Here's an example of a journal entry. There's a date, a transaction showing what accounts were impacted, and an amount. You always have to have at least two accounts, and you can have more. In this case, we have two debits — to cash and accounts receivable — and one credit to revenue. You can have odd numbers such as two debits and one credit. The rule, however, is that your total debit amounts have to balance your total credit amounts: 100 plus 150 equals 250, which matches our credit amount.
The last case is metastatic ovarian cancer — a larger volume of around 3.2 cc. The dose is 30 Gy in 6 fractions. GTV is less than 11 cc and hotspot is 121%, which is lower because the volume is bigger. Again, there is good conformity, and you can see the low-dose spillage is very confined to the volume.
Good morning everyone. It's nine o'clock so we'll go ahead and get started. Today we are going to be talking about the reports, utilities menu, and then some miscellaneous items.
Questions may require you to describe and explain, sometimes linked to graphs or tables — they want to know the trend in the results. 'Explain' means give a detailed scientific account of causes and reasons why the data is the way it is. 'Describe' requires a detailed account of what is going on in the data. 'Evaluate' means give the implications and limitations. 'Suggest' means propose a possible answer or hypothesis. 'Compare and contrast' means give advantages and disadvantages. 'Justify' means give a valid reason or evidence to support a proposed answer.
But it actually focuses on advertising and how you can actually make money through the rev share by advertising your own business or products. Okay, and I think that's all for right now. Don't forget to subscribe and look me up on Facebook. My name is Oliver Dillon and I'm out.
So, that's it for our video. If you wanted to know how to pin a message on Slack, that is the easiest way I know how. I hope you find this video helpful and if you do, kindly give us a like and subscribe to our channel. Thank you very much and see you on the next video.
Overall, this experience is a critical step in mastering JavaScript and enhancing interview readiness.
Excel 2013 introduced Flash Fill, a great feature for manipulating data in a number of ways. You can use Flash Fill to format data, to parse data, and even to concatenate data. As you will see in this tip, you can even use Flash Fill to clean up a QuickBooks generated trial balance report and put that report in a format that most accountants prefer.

--------

Your task - Reproduce exactly the stretch of the material above that starts at the line with "The last case" and ends at the line with "Good morning everyone.", both included, and nothing else.

Answer to this problem -
The last case is metastatic ovarian cancer — a larger volume of around 3.2 cc. The dose is 30 Gy in 6 fractions. GTV is less than 11 cc and hotspot is 121%, which is lower because the volume is bigger. Again, there is good conformity, and you can see the low-dose spillage is very confined to the volume.
Good morning everyone. It's nine o'clock so we'll go ahead and get started. Today we are going to be talking about the reports, utilities menu, and then some miscellaneous items.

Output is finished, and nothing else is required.